+++ Listed records

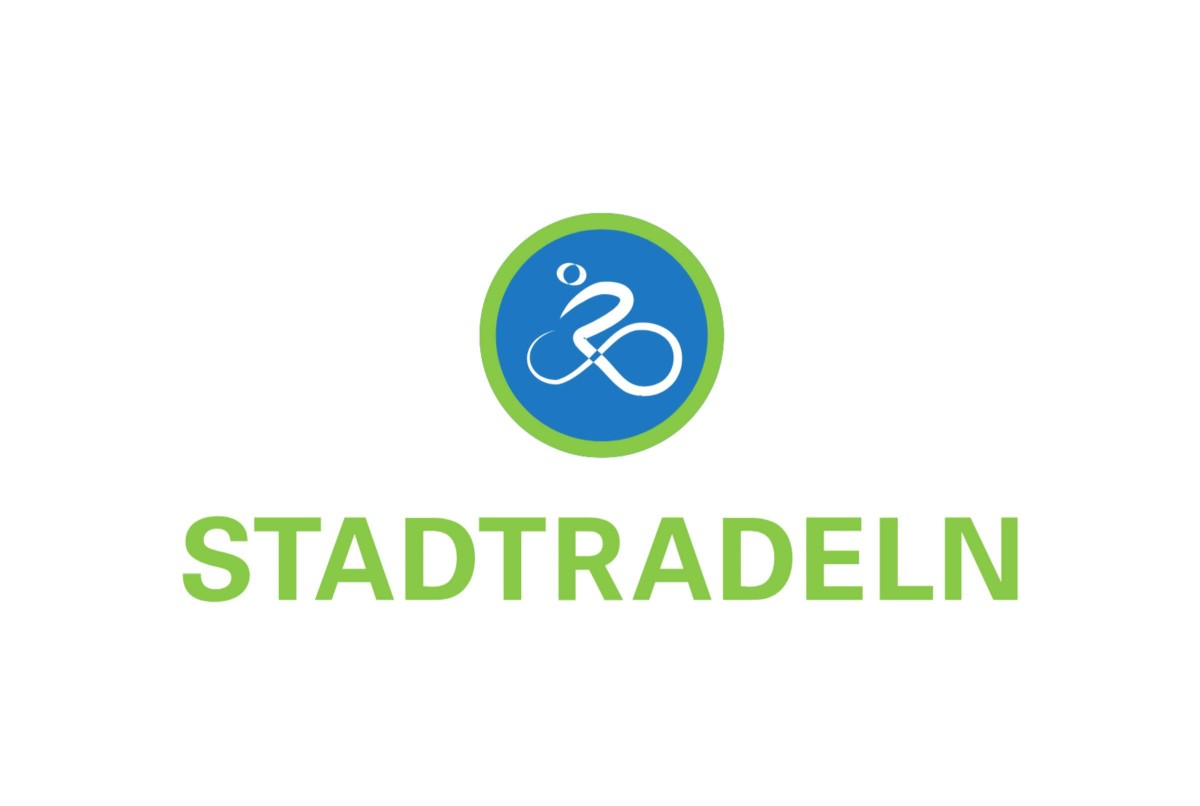 Logo des Wettbewerbs STADTRADELN in blauer und grüner Schrift. Weißes Radfahrericon auf blauem Hintergrund.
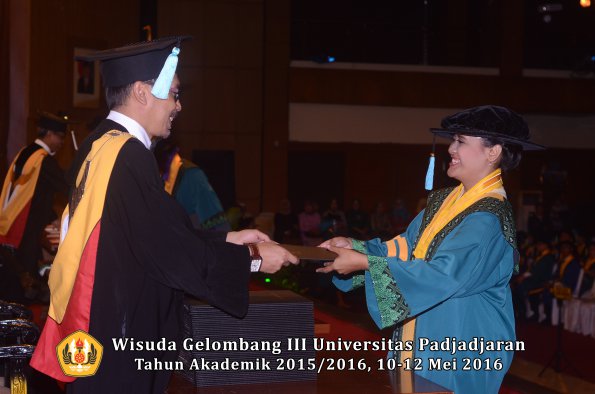 Wisuda Unpad Gel III TA 2015_2016  Fakultas Ilmu Budaya oleh Dekan  009
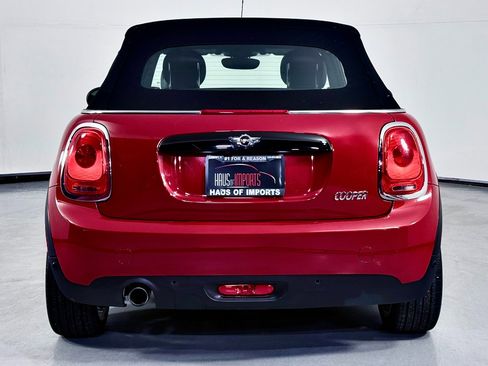 Used 2018 MINI Cooper Convertible image 23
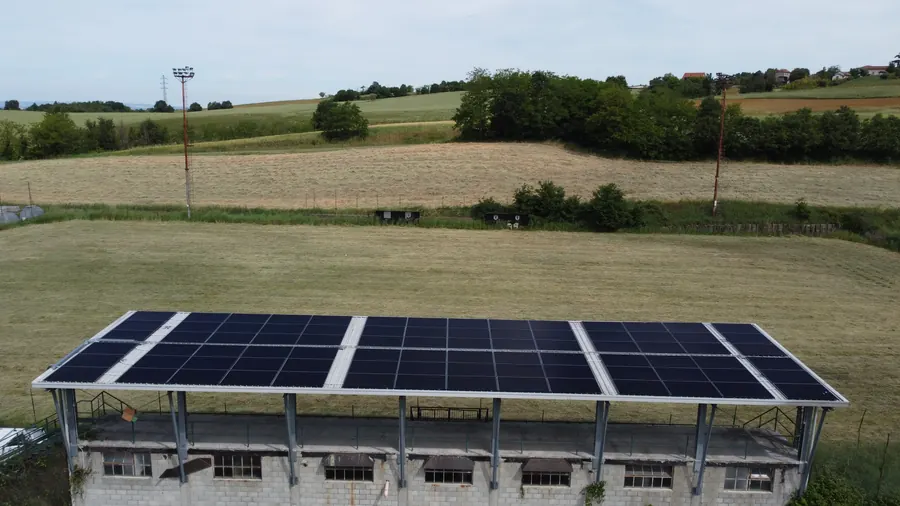 La pensilina della tribuna con i moduli fotovoltaici, vista dal drone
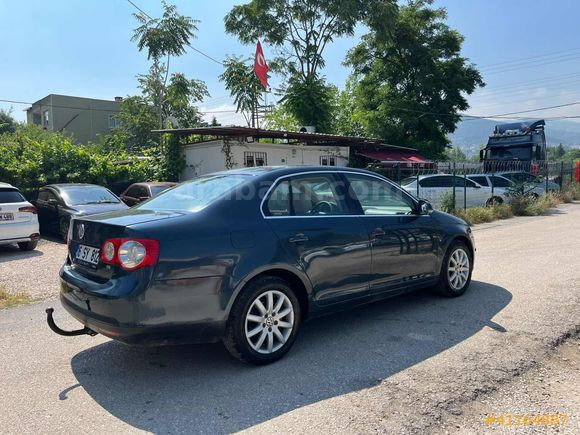 2006 MODEL DİJİTAL KLİMALI DEĞİŞENSİZ JETTA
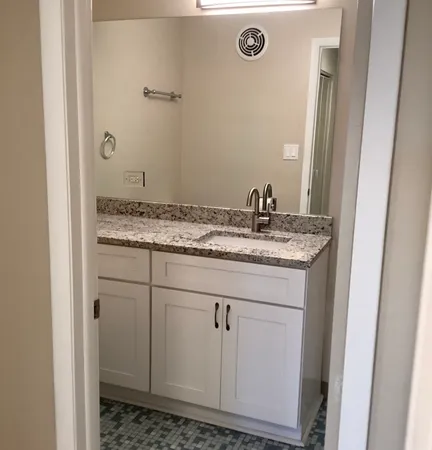 $1,495 | 10408 Menard Avenue, Unit 2B, Oak Lawn, IL 60453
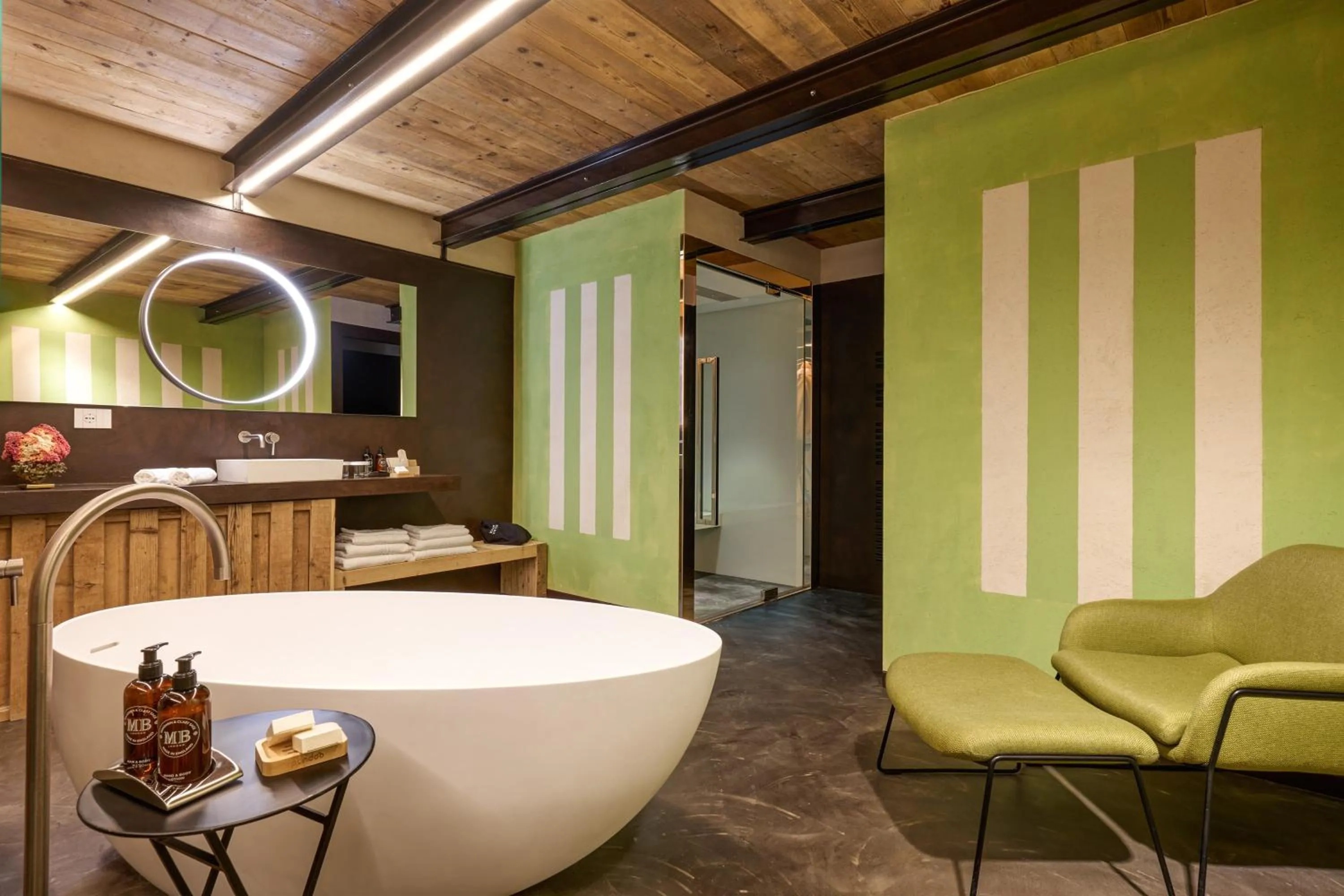 Hot Tub in Villa Balis Crema Verona Hills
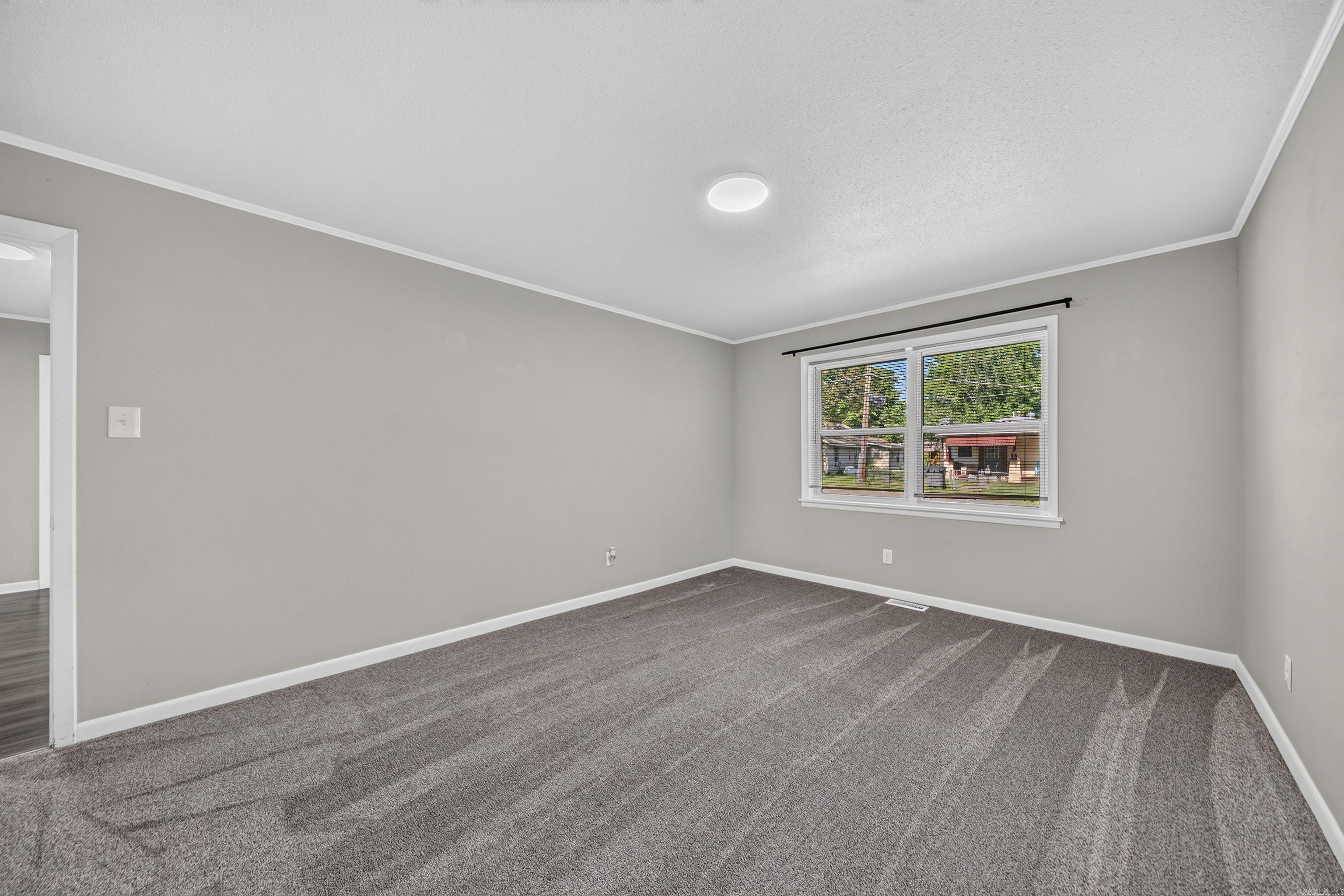 108 Ross Street Property Photo 17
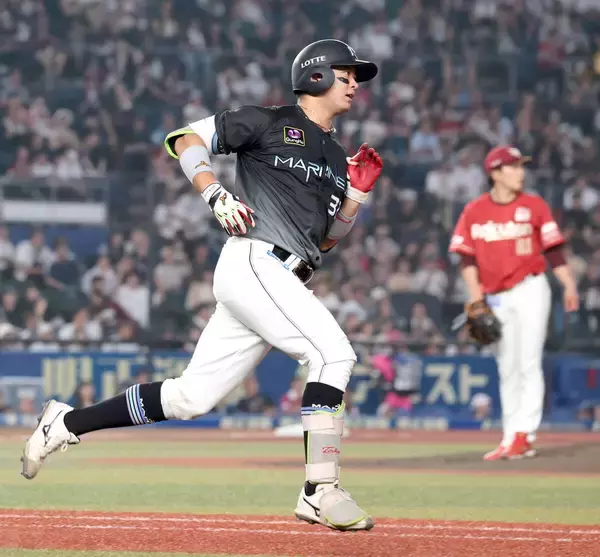 【ロッテ】一発攻勢で序盤から大量リード　ネフタリ・ソトの１１号３ラン、佐藤都志也の１１号ソロで加点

++++++

Work to be completed
Starting with the first line of the data above, write out each line exactly up to and including the line that holds "Used 2018 MINI Cooper Convertible image 23". Pictures stay out.

Result
 Logo des Wettbewerbs STADTRADELN in blauer und grüner Schrift. Weißes Radfahrericon auf blauem Hintergrund.
 Wisuda Unpad Gel III TA 2015_2016  Fakultas Ilmu Budaya oleh Dekan  009
 Used 2018 MINI Cooper Convertible image 23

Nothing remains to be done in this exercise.